▸ **BRIEF**: Look below for the lines from the one with "Face Dry Brush" to the one with "A-lijn jurk met", and copy exactly those lines, both ends included.

Short descriptive text snippets
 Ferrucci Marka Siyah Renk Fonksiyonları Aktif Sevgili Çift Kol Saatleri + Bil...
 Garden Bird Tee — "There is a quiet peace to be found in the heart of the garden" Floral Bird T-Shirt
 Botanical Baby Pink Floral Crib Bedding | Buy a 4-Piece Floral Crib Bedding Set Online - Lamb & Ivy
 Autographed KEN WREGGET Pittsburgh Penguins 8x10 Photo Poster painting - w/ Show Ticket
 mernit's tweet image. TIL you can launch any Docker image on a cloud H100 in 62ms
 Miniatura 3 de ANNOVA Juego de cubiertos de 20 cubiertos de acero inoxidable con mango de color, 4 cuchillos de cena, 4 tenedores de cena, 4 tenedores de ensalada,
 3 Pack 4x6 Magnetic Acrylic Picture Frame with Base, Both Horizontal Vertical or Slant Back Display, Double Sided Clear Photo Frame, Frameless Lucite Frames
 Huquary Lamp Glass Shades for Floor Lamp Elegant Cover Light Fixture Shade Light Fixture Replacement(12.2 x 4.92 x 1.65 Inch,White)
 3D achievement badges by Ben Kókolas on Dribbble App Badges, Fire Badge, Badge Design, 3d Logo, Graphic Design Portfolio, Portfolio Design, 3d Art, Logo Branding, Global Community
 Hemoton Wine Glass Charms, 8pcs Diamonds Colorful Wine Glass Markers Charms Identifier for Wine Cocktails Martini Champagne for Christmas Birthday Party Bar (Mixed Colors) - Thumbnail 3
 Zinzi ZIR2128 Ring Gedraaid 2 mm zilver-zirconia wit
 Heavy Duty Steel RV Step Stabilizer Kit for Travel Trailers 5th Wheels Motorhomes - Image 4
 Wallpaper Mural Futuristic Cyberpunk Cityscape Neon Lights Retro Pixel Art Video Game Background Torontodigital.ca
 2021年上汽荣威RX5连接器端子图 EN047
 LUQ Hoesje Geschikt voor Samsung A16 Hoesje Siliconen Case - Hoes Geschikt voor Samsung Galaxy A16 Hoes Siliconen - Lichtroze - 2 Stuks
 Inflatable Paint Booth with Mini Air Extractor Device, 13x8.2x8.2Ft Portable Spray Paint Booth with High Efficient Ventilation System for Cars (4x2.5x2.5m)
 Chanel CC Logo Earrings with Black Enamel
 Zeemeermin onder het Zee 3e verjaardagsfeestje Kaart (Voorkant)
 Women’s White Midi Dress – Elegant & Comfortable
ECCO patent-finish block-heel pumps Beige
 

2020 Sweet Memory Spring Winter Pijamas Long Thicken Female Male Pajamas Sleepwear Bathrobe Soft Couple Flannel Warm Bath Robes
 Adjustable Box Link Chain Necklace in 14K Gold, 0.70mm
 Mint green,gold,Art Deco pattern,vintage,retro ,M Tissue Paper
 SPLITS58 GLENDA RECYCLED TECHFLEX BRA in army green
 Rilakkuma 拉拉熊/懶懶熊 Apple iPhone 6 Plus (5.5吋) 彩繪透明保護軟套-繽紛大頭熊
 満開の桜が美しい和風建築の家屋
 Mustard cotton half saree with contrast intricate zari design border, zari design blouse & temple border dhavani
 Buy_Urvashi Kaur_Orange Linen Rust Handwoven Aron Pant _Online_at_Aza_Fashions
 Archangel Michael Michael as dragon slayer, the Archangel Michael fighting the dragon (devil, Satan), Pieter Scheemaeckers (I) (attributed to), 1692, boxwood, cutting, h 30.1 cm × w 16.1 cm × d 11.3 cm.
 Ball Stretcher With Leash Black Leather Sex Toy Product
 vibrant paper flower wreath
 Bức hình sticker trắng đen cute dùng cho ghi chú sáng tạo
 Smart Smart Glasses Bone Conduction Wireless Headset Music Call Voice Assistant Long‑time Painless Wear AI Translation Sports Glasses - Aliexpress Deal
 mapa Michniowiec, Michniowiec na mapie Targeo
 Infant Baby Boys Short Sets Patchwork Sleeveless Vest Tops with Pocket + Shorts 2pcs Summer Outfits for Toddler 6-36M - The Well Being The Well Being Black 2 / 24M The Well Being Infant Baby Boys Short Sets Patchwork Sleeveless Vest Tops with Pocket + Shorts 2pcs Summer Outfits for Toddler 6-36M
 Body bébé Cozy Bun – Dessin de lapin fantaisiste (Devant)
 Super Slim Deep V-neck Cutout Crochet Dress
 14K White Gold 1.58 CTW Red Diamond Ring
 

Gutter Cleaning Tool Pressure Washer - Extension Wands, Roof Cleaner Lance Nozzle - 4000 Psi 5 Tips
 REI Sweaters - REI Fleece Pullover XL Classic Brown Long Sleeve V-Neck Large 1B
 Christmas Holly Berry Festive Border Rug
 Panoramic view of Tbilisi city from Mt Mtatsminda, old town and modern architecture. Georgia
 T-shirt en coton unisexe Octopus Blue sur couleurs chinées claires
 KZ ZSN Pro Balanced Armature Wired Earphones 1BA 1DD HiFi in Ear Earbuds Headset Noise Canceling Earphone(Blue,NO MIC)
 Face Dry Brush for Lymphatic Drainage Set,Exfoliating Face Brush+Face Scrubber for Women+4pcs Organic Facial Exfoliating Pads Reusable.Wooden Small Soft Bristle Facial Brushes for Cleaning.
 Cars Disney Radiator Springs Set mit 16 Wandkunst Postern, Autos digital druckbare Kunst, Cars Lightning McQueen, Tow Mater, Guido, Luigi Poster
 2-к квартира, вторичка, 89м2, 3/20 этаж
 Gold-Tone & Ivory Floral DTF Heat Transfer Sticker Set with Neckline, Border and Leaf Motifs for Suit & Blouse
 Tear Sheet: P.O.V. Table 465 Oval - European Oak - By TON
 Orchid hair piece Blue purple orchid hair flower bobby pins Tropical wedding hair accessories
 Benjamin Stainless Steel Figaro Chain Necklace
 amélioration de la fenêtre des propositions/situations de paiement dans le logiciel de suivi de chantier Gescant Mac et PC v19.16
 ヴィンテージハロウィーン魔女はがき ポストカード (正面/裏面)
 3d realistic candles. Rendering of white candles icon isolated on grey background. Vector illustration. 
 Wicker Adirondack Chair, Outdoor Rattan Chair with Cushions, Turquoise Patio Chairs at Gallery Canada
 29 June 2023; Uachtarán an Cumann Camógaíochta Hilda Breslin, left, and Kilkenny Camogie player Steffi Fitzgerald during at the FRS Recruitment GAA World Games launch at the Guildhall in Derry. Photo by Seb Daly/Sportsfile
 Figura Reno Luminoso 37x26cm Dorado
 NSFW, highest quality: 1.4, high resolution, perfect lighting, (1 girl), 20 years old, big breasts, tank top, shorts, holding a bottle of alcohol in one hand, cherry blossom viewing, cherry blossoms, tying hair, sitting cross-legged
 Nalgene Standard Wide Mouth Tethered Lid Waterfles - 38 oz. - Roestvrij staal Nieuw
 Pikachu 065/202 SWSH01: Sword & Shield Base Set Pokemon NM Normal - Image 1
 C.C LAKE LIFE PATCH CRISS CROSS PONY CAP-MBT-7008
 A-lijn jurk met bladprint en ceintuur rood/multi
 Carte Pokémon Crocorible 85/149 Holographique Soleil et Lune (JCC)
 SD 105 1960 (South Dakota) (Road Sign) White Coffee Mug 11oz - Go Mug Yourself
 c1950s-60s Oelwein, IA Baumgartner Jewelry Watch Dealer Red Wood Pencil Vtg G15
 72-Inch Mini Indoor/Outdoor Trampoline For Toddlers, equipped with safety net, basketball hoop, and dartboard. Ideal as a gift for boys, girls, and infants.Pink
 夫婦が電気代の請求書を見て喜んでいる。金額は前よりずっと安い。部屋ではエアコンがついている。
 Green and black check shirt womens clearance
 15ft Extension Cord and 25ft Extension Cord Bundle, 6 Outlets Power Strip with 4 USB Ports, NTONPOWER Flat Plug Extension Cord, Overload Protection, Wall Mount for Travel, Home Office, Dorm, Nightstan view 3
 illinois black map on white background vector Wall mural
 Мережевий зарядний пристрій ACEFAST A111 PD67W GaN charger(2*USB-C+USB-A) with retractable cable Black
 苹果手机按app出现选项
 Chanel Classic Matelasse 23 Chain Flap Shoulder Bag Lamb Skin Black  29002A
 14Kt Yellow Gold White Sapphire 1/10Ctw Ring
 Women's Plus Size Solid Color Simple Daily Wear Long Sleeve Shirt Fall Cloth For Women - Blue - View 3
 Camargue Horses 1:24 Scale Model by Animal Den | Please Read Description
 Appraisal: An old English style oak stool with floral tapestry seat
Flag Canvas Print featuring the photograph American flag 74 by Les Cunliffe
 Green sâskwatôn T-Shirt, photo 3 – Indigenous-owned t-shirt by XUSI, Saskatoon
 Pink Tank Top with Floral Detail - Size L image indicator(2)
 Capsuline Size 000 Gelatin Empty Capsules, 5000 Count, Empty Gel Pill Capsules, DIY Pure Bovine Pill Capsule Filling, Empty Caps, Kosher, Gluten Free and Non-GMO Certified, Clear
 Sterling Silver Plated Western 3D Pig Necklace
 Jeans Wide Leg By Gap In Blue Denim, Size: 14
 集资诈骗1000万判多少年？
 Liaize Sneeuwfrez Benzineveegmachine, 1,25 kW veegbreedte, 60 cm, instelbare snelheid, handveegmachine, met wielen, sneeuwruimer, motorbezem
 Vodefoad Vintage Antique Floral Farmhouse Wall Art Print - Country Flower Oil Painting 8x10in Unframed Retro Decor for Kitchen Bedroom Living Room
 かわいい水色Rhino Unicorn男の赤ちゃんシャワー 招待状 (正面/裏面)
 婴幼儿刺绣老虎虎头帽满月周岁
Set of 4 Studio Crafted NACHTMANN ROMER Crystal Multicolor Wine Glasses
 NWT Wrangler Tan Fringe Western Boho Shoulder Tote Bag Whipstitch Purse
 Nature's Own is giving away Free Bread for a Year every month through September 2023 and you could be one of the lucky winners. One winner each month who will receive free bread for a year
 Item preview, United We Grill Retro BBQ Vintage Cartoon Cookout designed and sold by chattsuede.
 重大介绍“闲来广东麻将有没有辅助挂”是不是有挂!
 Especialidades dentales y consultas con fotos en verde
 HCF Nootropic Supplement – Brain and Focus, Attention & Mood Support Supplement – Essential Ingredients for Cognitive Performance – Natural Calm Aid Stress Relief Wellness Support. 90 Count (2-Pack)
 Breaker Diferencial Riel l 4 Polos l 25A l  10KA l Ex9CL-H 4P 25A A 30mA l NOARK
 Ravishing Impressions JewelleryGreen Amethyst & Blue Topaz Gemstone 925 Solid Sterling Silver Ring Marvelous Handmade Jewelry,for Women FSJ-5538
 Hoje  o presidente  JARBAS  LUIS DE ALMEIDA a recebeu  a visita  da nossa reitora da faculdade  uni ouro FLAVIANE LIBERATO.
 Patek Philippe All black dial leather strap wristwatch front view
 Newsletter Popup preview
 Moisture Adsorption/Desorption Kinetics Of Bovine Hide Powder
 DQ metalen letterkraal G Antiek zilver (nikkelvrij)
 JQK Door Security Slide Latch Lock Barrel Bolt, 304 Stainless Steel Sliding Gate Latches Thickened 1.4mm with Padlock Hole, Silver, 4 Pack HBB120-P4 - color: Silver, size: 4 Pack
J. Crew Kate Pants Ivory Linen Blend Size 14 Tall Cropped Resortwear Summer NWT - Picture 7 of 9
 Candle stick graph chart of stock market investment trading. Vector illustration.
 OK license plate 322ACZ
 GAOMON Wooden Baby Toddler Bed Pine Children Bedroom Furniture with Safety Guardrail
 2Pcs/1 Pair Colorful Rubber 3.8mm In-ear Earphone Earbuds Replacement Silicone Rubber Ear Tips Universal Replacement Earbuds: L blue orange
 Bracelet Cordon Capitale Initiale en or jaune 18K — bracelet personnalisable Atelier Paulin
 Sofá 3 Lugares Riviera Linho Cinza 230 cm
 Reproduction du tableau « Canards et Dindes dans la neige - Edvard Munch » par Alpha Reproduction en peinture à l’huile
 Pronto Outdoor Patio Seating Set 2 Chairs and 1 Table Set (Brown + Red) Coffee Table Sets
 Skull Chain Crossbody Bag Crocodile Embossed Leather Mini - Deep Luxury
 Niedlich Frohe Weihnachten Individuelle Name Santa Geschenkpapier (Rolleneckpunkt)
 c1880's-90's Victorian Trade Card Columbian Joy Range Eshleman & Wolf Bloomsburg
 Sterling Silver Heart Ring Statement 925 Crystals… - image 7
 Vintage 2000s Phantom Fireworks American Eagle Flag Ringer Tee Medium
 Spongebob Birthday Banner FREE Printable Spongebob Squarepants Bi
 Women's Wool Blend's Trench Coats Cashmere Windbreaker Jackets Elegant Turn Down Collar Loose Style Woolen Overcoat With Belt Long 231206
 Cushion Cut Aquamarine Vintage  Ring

▸ **FINAL ANSWER**:
 Face Dry Brush for Lymphatic Drainage Set,Exfoliating Face Brush+Face Scrubber for Women+4pcs Organic Facial Exfoliating Pads Reusable.Wooden Small Soft Bristle Facial Brushes for Cleaning.
 Cars Disney Radiator Springs Set mit 16 Wandkunst Postern, Autos digital druckbare Kunst, Cars Lightning McQueen, Tow Mater, Guido, Luigi Poster
 2-к квартира, вторичка, 89м2, 3/20 этаж
 Gold-Tone & Ivory Floral DTF Heat Transfer Sticker Set with Neckline, Border and Leaf Motifs for Suit & Blouse
 Tear Sheet: P.O.V. Table 465 Oval - European Oak - By TON
 Orchid hair piece Blue purple orchid hair flower bobby pins Tropical wedding hair accessories
 Benjamin Stainless Steel Figaro Chain Necklace
 amélioration de la fenêtre des propositions/situations de paiement dans le logiciel de suivi de chantier Gescant Mac et PC v19.16
 ヴィンテージハロウィーン魔女はがき ポストカード (正面/裏面)
 3d realistic candles. Rendering of white candles icon isolated on grey background. Vector illustration. 
 Wicker Adirondack Chair, Outdoor Rattan Chair with Cushions, Turquoise Patio Chairs at Gallery Canada
 29 June 2023; Uachtarán an Cumann Camógaíochta Hilda Breslin, left, and Kilkenny Camogie player Steffi Fitzgerald during at the FRS Recruitment GAA World Games launch at the Guildhall in Derry. Photo by Seb Daly/Sportsfile
 Figura Reno Luminoso 37x26cm Dorado
 NSFW, highest quality: 1.4, high resolution, perfect lighting, (1 girl), 20 years old, big breasts, tank top, shorts, holding a bottle of alcohol in one hand, cherry blossom viewing, cherry blossoms, tying hair, sitting cross-legged
 Nalgene Standard Wide Mouth Tethered Lid Waterfles - 38 oz. - Roestvrij staal Nieuw
 Pikachu 065/202 SWSH01: Sword & Shield Base Set Pokemon NM Normal - Image 1
 C.C LAKE LIFE PATCH CRISS CROSS PONY CAP-MBT-7008
 A-lijn jurk met bladprint en ceintuur rood/multi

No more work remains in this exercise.